If the body isn't 'yours' why and what is this 'hope?
Sorry, I poorly conveyed that. That was just a sort of half-joke I threw in after the implied assumption that I wouldn't have any serious bodily problems in the near future.
Look in a mirror for me and describe in direct experience what is seen?
The body and it's surroundings are seen, and that is all that is present in direct experience in the most literal sense of the word "seen". Thoughts are also "seen", and many immediately appear and comment on the body. Some say something along the lines of the body being an important investment that has been built up over the years. Others say "this is all you really have". I let these thoughts run their course and settle down while I continued looking, to see if anything else was noticeably present or absent. One such thing was a sense of inside or outside; the body and the environment present in the mirror were all clearly one interacting system, with no inside/outside separation around the body.
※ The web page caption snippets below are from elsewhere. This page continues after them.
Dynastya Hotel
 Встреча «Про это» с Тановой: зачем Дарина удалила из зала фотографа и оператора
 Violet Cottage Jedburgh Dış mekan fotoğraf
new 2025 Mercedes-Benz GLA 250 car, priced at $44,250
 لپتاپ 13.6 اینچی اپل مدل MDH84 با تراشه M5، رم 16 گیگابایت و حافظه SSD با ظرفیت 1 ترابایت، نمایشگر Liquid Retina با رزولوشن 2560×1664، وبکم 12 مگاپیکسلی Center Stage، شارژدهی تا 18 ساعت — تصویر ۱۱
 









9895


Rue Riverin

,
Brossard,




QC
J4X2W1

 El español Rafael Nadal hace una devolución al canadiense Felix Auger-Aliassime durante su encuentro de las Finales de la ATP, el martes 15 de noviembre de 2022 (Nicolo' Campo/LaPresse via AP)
Then look at a photo of you as a child. What comes up?
The feeling that this is a completely different person that I am looking at. We have(had, in his case) different personalities, preferences, memories, physical appearance, etc. There are many other people that I have more in common with than child-me. I expected to sense some sort of continuity with my younger self, like that person was one stage in the linear progression called "Bruce's life." Strangely enough, I also felt a brief twinge of mild embarrassment at the recollection of a childhood memory I associated with the picture. I'm not sure what to make of that lack of identification coupled with a memory being experienced as having happened to Me.
Are they 'you?
No. They
were me in the same sense that the experiences participated in by this body and mind
are me now; that is, only in a conventional and social sense. I say that they are not me because a past person (much less a past 'I') cannot be pointed to in present experience. We can have memories made up of words and images that reference these past selves, but they are stories; a past (or future) me has no more fundamental reality than Santa Claus.